Na verdade, a expectativa alimentada até há pouco tempo de que a primeira safra do ano 2000 alcançaria a faixa dos 90 milhões de toneladas de grãos não se sustenta mais. Os agricultores do Brasil inteiro, e mais particularmente os do Mato Grosso, todos manifestam enorme preocupação com o panorama lúgubre que se avizinha. Todos têm consciência de que, se o Governo mantiver sua inflexibilidade no processo de renegociação das dívidas dos produtores, não haverá como o campo brasileiro honrar o prognóstico de boa colheita na próxima safra.  

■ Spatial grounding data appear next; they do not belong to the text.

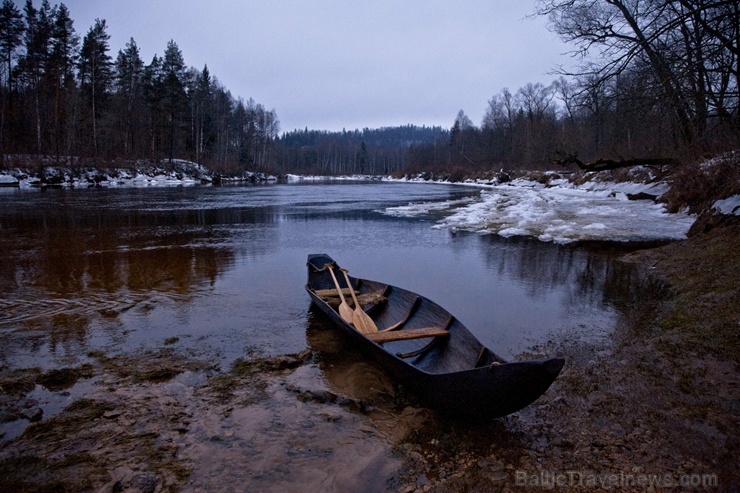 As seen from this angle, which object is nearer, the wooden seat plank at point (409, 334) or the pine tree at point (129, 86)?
the wooden seat plank at point (409, 334)

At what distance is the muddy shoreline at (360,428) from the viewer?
9.48 ft

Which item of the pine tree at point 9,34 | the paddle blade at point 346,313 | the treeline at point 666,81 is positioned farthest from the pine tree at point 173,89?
the paddle blade at point 346,313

A Federação da Agricultura de Mato Grosso (Famato) calcula que 35 mil agricultores do estado, correspondendo a mais da metade do total, não dispõem, hoje, do acesso básico às linhas de financiamento. Isso acontece, em parte, pela falta de bens para dar em garantia e, em parte, pela inadimplência junto aos sistemas de crédito. Para completar, o custo de produção, ao longo desses anos, tem-se elevado de forma constante no estado. De acordo com dados da Conab, eles evoluíram de 419 reais, em 1995, para 451 reais, em 96; 485 reais, em 97, e 501 reais, em 98. De acordo com a mesma Conab, para este ano, deverá estar em torno de 804 reais, o que representa uma evolução de quase 100% em apenas 4 anos.  

A julgar pela avaliação de conjuntura de Homero Pereira, vice-presidente da Famato, a hora é de resolver de vez os problemas de renda do produtor, sem se reincidir em soluções habitualmente paliativas.  

Pois bem, o que é que Homero Pereira pretende dizer com esse raciocínio? Muito simples. No Mato Grosso, a média das áreas de plantio de soja é de 850 hectares. Para tanto, o produtor necessita de, no mínimo, 350 mil reais de crédito. Agora, quanto é que o Governo oferece? Pasmem, apenas 100 mil reais! Ora, supondo que o agricultor não tenha qualquer pendência bancária, deverá recorrer ao mercado de crédito para cobrir os 250 mil restantes, do qual, naturalmente, obterá uma proposta de empréstimo com base na variação cambial mais um spread de 12 a 15% ao ano. Conseqüentemente, isso implica redução drástica de renda para o produtor, que se vê sem caixa para quitar suas dívidas, sem motivação para investir na produção.  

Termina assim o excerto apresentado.